Prolonging the transition from plastic cups to not plastic cups by 4 more years will give France's Ministry for Ecological Transition's more years of spending 1.215 billion Euros on programs and their 1000+ employees.

[1]https://www.ademe.fr/en/ademe-... [ademe.fr]

- ADEME has more than 1,000 employees

- ADEME expects €1.215 million in budgetary expenditure

The budget is roughly the same as building a 1 megawatt solar power plant every year in the US - [2]https://coldwellenergy.com/how... [coldwellenergy.com] - "A 1MW (megawatt) solar farm can

[1] https://www.ademe.fr/en/ademe-the-french-ecological-transition-agency/our-organisation/

[2] https://coldwellenergy.com/how-much-investment-do-you-need-for-a-solar-farm/

Re: (Score:3)

by test321 ( 8891681 )

> As usual, all these declarative dates mean nothing with politicians.

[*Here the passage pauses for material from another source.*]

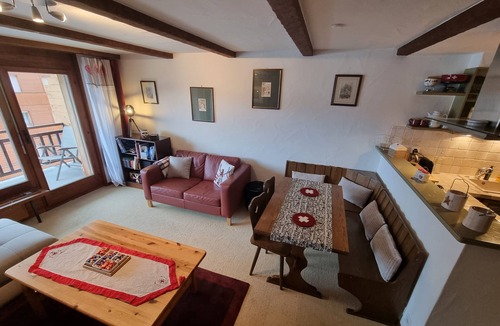 Verbier Condo | Very central 2 bedroom flat with kitchen, semi-private pool/gym/sauna, views
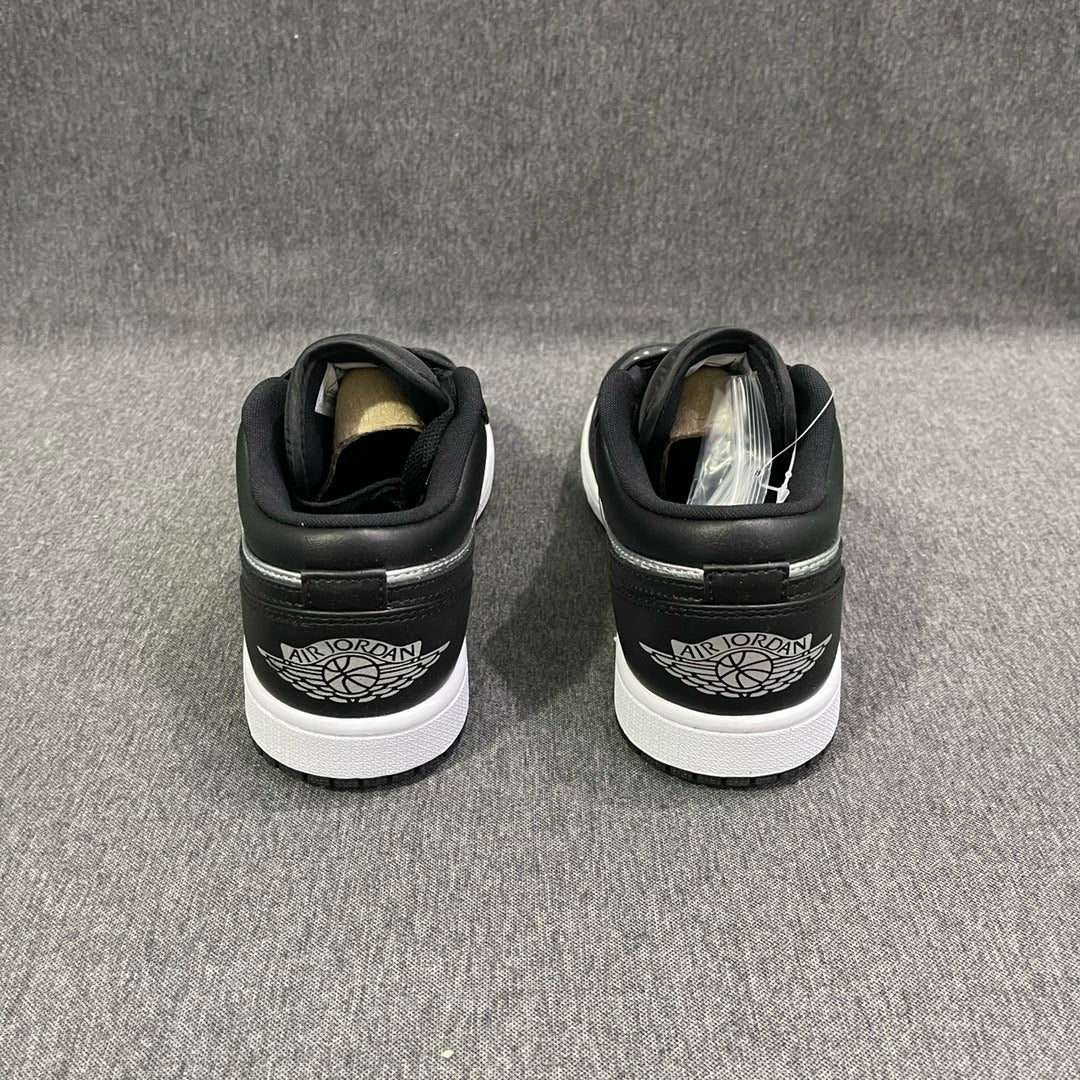 Tênis Air Jordan 1 Low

You're wrong, but that's not entirely your fault, the summary is inaccurate. The plastic cups were already banned in France in 2020, following a EU Directive from 2019. Currently available are plastic-lined cardboard cups. From 2020 to 2024, 15% of plastic contents was allowed, then 8% since.

Those decisions rely not on politicians, but on technical reports established by agency staff, who are technically competent. The report that the government based its decision on, presents the different technologies and

Re: Way to hold the line...not. (Score:2)

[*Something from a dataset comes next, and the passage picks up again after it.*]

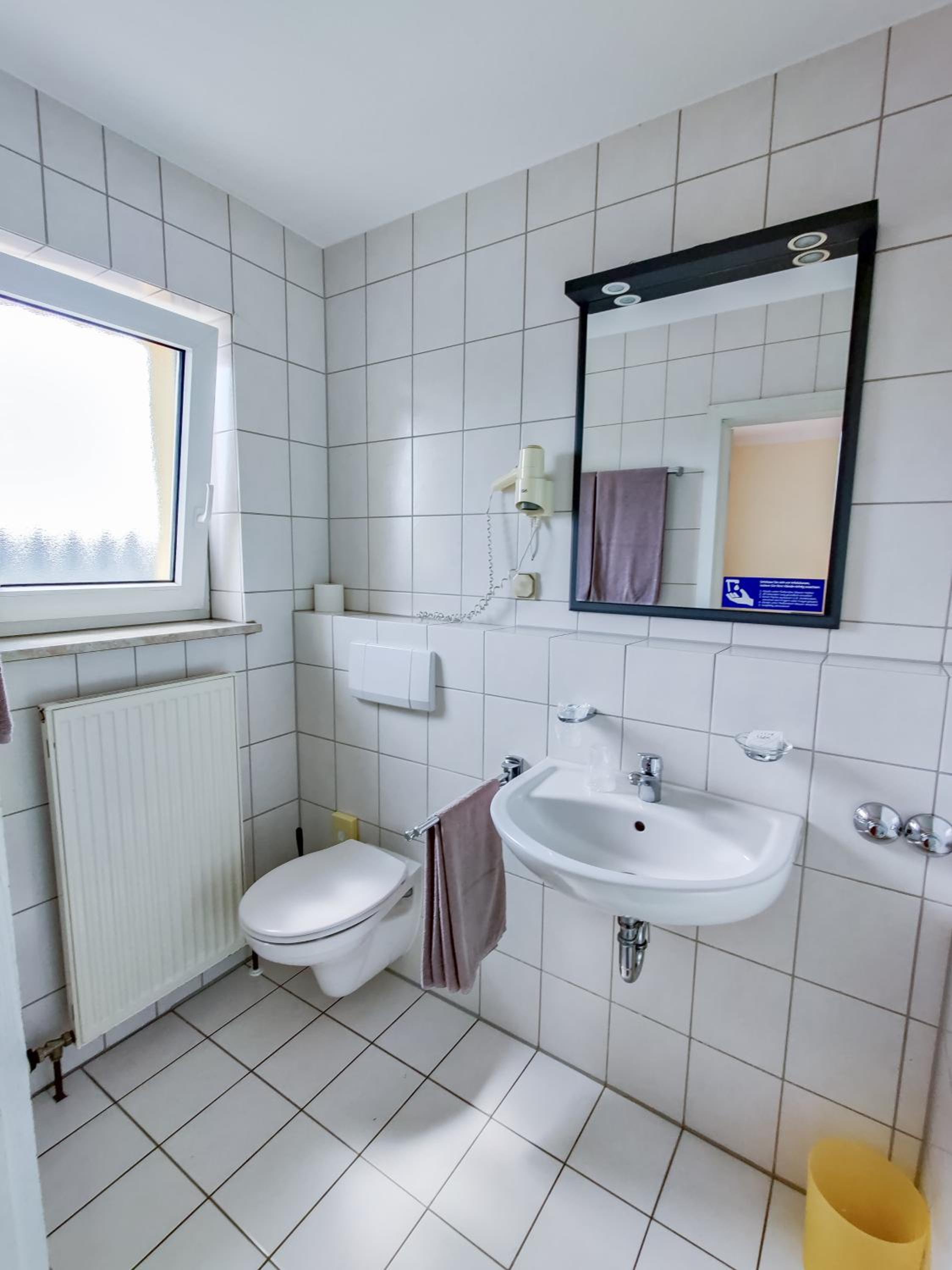 Double or Twin Room - Photo 2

by Fons_de_spons ( 1311177 )

Personally I get why politicians dare to make such bold claims. You have to be ambitious. Take a step in the dark to get us up from our lazy asses. I remember the whole RoHs struggle. It was messy in the beginning. Plenty of people shouted that it was not possible to go lead free, but it turned out pretty ok.

Plastic straws were banned as well. We got these paper straws that got mushy if you left them too long in your drink. Shops offered steel straws that had to be cleaned. Years later, to my own surprise

Aznovoice (Score:2)

by bugs2squash ( 1132591 )

How will they do their Charles Aznavour impressions

Re: (Score:2)

by ambrandt12 ( 6486220 )

Don't worry, it's just rsilvergun again (I think... but, isn't he always pro-Democrat?).

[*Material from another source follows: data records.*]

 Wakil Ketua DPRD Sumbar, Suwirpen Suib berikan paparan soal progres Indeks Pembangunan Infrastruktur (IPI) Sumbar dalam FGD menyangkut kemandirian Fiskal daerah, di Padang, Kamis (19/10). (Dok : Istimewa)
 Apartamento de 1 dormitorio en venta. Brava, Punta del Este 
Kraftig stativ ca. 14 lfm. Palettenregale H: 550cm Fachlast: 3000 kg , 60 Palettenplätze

I hate single-use plastic (Score:2)

by Valgrus Thunderaxe ( 8769977 )

I always have steel water bottles with me. Try to actually get a restaurant to fill them though, and they claim it's unsanitary and they'll refuse nine out of 10 times. So, it's clearly not just a money issue.

Re: I hate single-use plastic (Score:1)

by RightwingNutjob ( 1302813 )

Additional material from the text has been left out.